Walter is most certainly an iceberg. But whereas the Dude's character probably has about 70 percent under water, and Donny's character has about 95 percent beneath, Walter's character has about 99 percent in the deep blue sea. As viewers, we love Walter. We love his Old Testament worshipping ("I DON'T FUCKING ROLL ON THE SABBATH"), his Lenin philisophicalizing ("Shut the fuck up, Donny! V.I. Lenin! Vladimir Ilyich Ulyanov!"), and his political correctness ("Also, Dude, Chinaman is not the preferred nomenclature, uh. . . Asian- American. Please.") The same guy who takes care of his ex-wife's Pomeranian and screams the rules of the Old Testament, is the same guy who can take a bat to a stranger's Corvette.

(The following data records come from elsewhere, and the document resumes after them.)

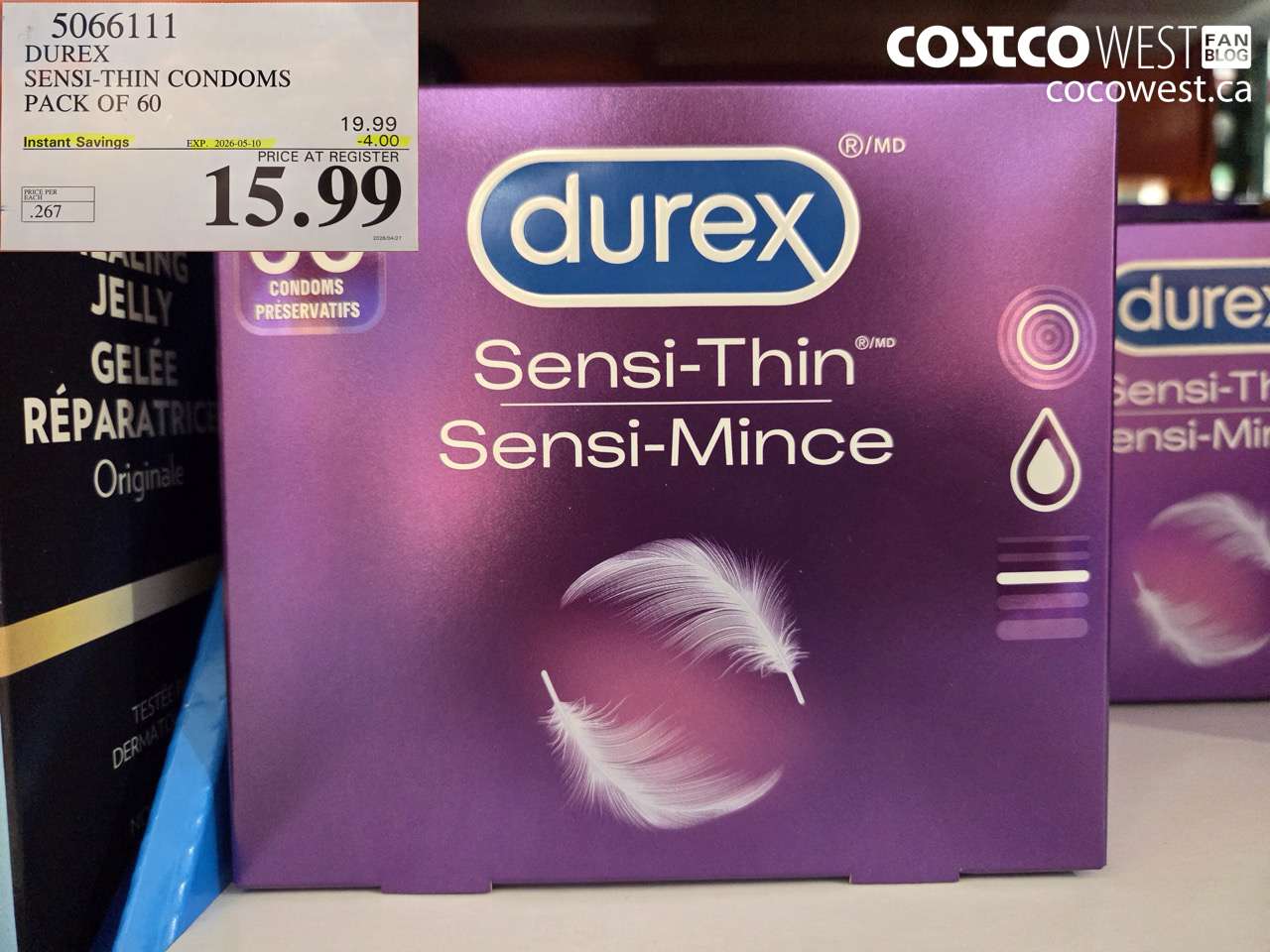 5066111 DUREX SENSI-THIN CONDOMS PACK OF 60 ($4.00 INSTANT SAVINGS EXPIRES ON 2026-05-10) $15.99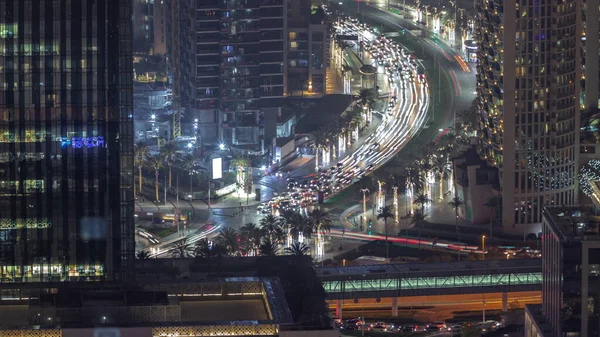 Tráfico Ocupado Intersección Centro Dubái Timelapse Noche Aérea Muchos Coches —  Fotos de Stock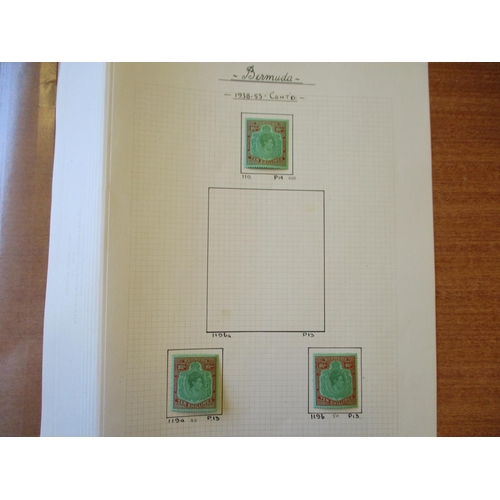153 - Bermuda. KGVI 1938-53 M Perf and colour varieties coln on leaves, incl 2/- (x6) incl P14 deep reddis... 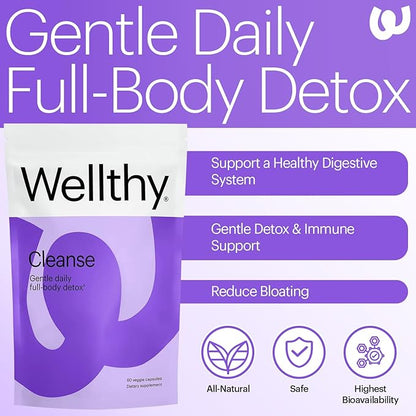 Wellthy Full Body Detox and Immune Support - Advanced Digestive Health, Gut Cleanse and Bloating Relief - All Natural Formula with Milk Thistle, Dandelion Extract and L-Carnitine | 30-Day Supply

But that's what makes him such a great character. Where one moment he's screaming at Donny to “shut the fuck up”, in another, he's giving a heartfelt eulogy, holding a dead guy inside a coffee can. Walter's aggression makes him mess up every situation he's part of. His desire to help the Dude on a money handover pushes the Dude further and further away from his goal. Donny's eulogy ends up with a lost soldier reference and Donny's remains blown into the Dude's beard. And Walter's response? "Let's go bowling."
Walter steals every scene is he in, not just because of Goodman's fantastic performance, but because he is easily one of the best characters ever written. The 1% that shows up on screen is a magnificent, dynamic character, but all because of the 99% before the film that is such a weird, crazy, awesome mess. And is he believable? Absolutely.
Knowing your characters is just that. Knowing them, fully. That at the end of the day, you could answer every question about them, or at least take an educated guess. It's in the knowing their childhood, their parents, their grandparents, their everything that makes the difference from creating a forgettable flat caricature to a complex, multi-layered, truly memorable person. Do we know what Walter's life was like before 'Nam? No, but we see that there's a business side, that there's a loving side, that there's a good friend and a caring guy inside that serious anger issue. Do we know how he'll react at every instance? No, but we can take a guess. And we know that there's a big chance that he'll screw it up. But because we empathize, because we care, we hope and fear for him just the same.
Knowing is making sure that you write honest, believable, 4D characters. It's writing the truth. It makes the difference between a good screenplay, and one that strikes a hole in the ground, for your readers, your actors, and your viewers. We're not quite sure of the Hero's objective in The Big Lebowski, although we think it's about the Dude getting his rug back. But we love the film, and why? Because we know and love these characters, inside and out.